Although it could be helpful to already provide the Data Team access to the source system, its not mandatory to raise an Access Request right now.
End goal of the validation is to have a solution design and a complete work breakdown, with DRI's and size estimation attached. All the work that needs to be performed is stated down. We aim to have it on a level, where every work action could be converted to an issue with no larger T-Shirt size than
5/8 issue poins.
It needs to be determined if there is MNPI data in the data sources and if this data is about to be extracted towards the Data Warehouse. If the data source contains MNPI and this data is extracted, change the issue label of the issue to
new data source MNPI.
Based on the business case, effort to implement, workload in the Data Team and Data Team priorities, the implementation will be scheduled. For scheduling we follow the GitLab Data Team Planning Drumbeat. This means that for every quarter, the Data Team determines when a new data source request will be picked up. When a new data source request remains in
scheduling, it does not mean that it isn't on the radar of the Data Team. It means that it isn't been scheduled yet, because:
When a request for implementing a new data source is in scope for next quarter OKRs, the request is
scheduled. An epic will be created with the issue attached to it. Based on the work breakdown all issues are created with the corresponding issue weight, label assigned
workflow::4 - scheduled, the right milestone (if known) and attached to the epic.
When the execution of the work starts, the issue is in development and follows the regular development life cycle.
During the development, the Data Engineer aligns with all the stakeholders, about access to the data. Data access can be provided to the
raw schema, depending on the data and the use case.
When it is a complete new data pipeline that extracts data from a upstream system that is not yet extracted, create a new label on in the GitLab Data group. I.e: https://gitlab.com/groups/gitlab-data/-/labels/23453371/edit
When the execution of the work is finished, the issue is in review and follows the regular development life cycle.
When the execution could not continue due to the need of external intervention, the issue is
blocked. There must be a clear problem statement given and the right people need to be assigned on the shortest notice possible.
Red data is not allowed to be stored in our Data Platform (Snowflake). Therefore we will not bring in/connect new data sources that are listed in the tech stack with
data_classification: Red unless there is a mission critical business reason. There is an exception process available which will enable us to evaluate the needs on a case-by-case basis and this process will require approval from BT/Data VP-level, Security and Privacy.
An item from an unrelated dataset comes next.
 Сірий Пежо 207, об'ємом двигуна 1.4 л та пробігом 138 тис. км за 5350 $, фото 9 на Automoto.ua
Evaluating the business reason and obtaining approvals are part of the triage process and are governed via the new data source template.
Note: The exception process must be fulfilled to either connect a system with Red data and/or to extract Red data (fields) from that system. However, the business case to extract Red data (fields) under the exception process will necessitate a higher standard of review than a business case that only requires connecting a Red data system without extraction of Red data (fields). Where extraction of Red data (fields) is approved under the exception process, masking will be applied in the Data Platform (Snowflake) as described in the proceeding section.
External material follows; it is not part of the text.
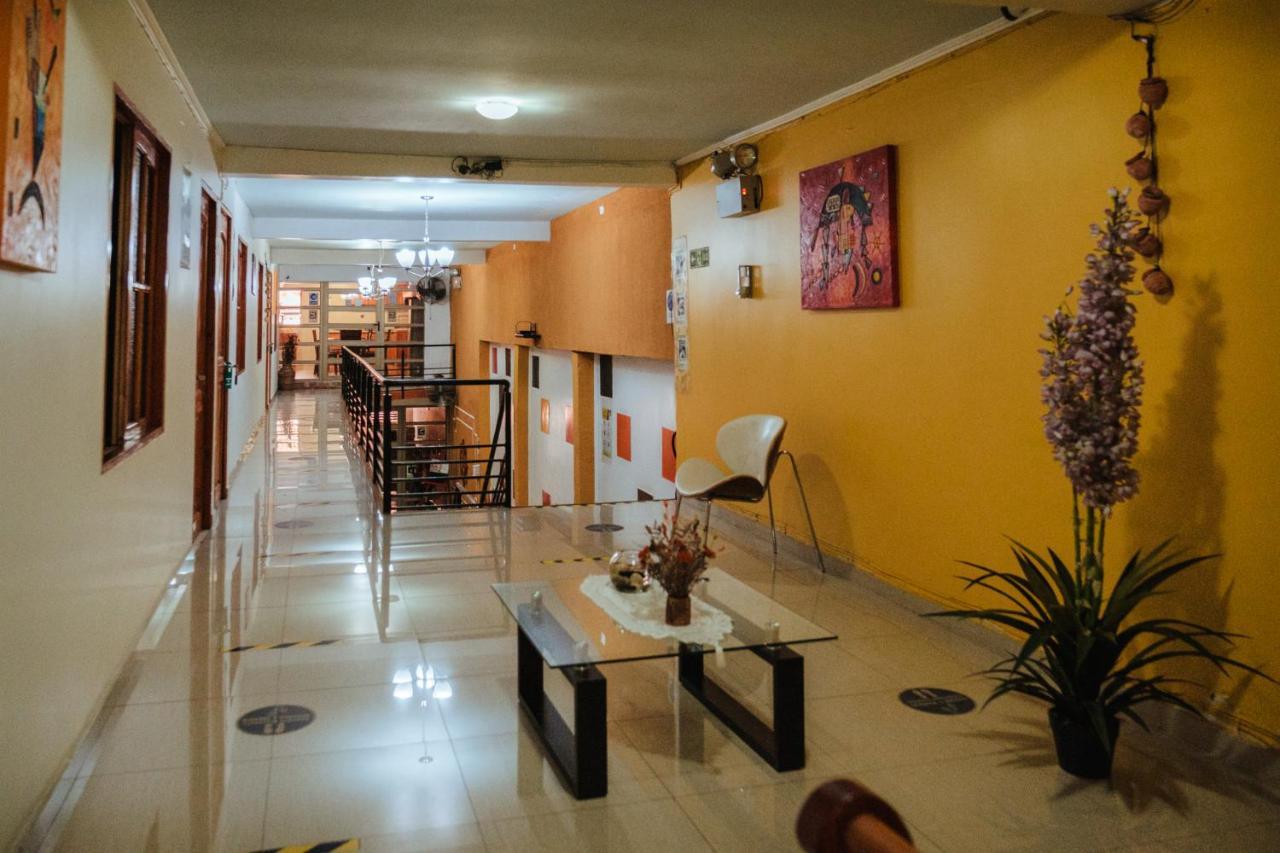 Di Giorgio Hostal Antofagasta Buitenkant foto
When extracting new data towards Snowflake and the data source is not listed or listed
When a new data source is extracted towards the
raw layer there will be a new separate schema created for that data source in many cases. In order to make sure the new data source is observed by Monte Carlo follow the steps outlined in Monte Carlo permission handbook section.
The new data source will be documented in the handbook, following this template.